Previous studies have found that muscle atrophy and fatty degeneration, investigated by magnetic resonance imaging (MRI) and computerized tomography (CT), can occur in both sides of the trunk in PD patients with PS, which might be caused by peripheral changes such as stretching stress on the muscle, decreased range of movement and increased load on the spine and/or lower limbs (9, 30), suggesting a peripheral mechanism involvement. Together with our study, it seems that both central and peripheral mechanisms may be involved in the development of PS. Overlap of central and peripheral pathways may explain the clinical heterogeneity and prognostic differences of PS. Further studies including investigations into both central and peripheral mechanisms (e.g., electromyography) are needed to elucidate the pathophysiology of PS.

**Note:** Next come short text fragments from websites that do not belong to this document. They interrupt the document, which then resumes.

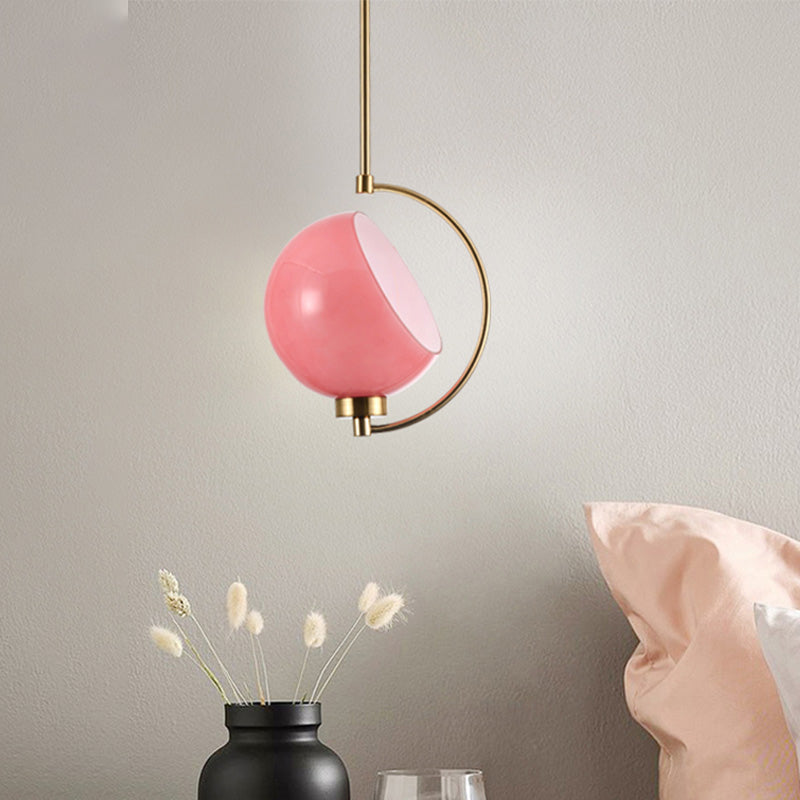 Modern Metal Dome Pendant Light Fixture - Pink Down Lighting For Bedroom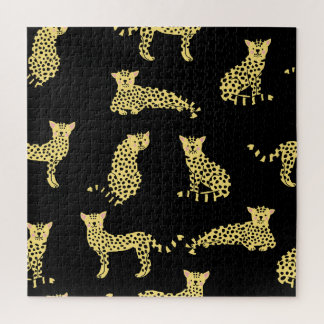 Luipaard Patroon: Zwarte achtergrond Cheetah Legpuzzel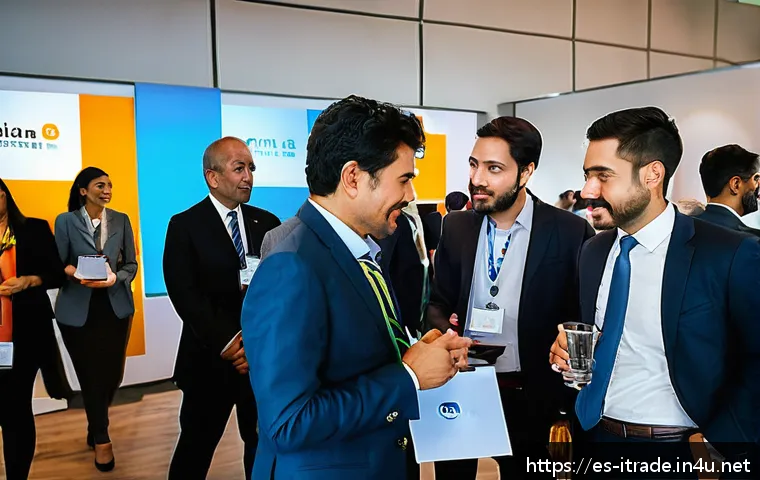 국제무역분야경력개발 - A dynamic international business networking event set in a modern conference hall in Mexico City, fe...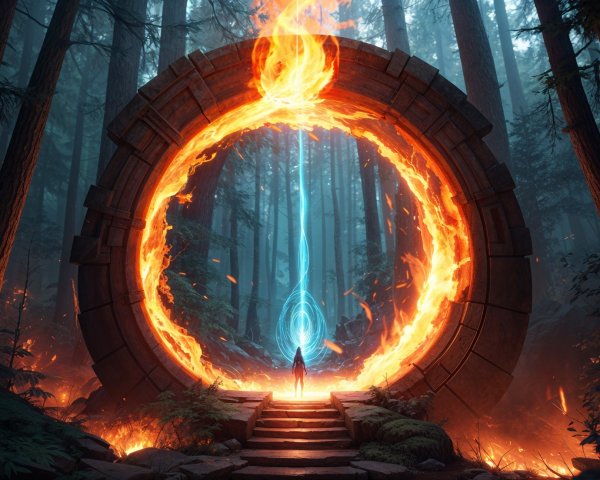 Misty Forest with Fiery Stone Portal and Figure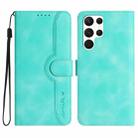 For Samsung Galaxy S22 Ultra 5G Heart Pattern Skin Feel Leather Phone Case(Light Blue) - 1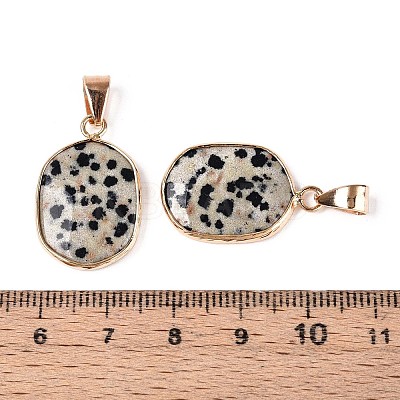 Natural Dalmatian Jasper Pendants G-N349-04F-G-1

The current study has several limitations. First, we did not recruit patients who were too severely affected to complete the assessment protocol, unable to stand unsupported for example, which may be the reason why there was no difference in the total score of PDQ-39 between patients with and without PS. Second, other potential factors such as gait, which has contradictory findings among studies (27, 31), were not specifically analyzed in this study. Finally, we did not identify the risk factors of PS in different medication states (“OFF” or “ON”), so the role of drug therapy in the pathophysiology of PS was difficult to explain.

Conclusion

PS is relatively rare (3.6%) in Chinese PD patients. It is likely associated with older age, higher LEDD and more severe motor disabilities. However, non-motor symptoms such as depression, anxiety, and cognitive dysfunction have no association with PS in PD. This provided important complementary information for identifying the underlying mechanisms of PS.

Data Availability

All datasets generated for this study are included in the manuscript and/or the supplementary files.

Ethics Statement

All subjects gave written informed consent in accordance with the Declaration of Helsinki. The study was approved by the Ethics Committee of West China Hospital of Sichuan University.

Author Contributions

KL and RO designed the study and drafted the manuscript. QW, YC, WS, and YW did the investigation, performed measurements, and collected the data. BC did the statistical analysis. HS reviewed and edited the manuscript.

Conflict of Interest Statement

The authors declare that the research was conducted in the absence of any commercial or financial relationships that could be construed as a potential conflict of interest.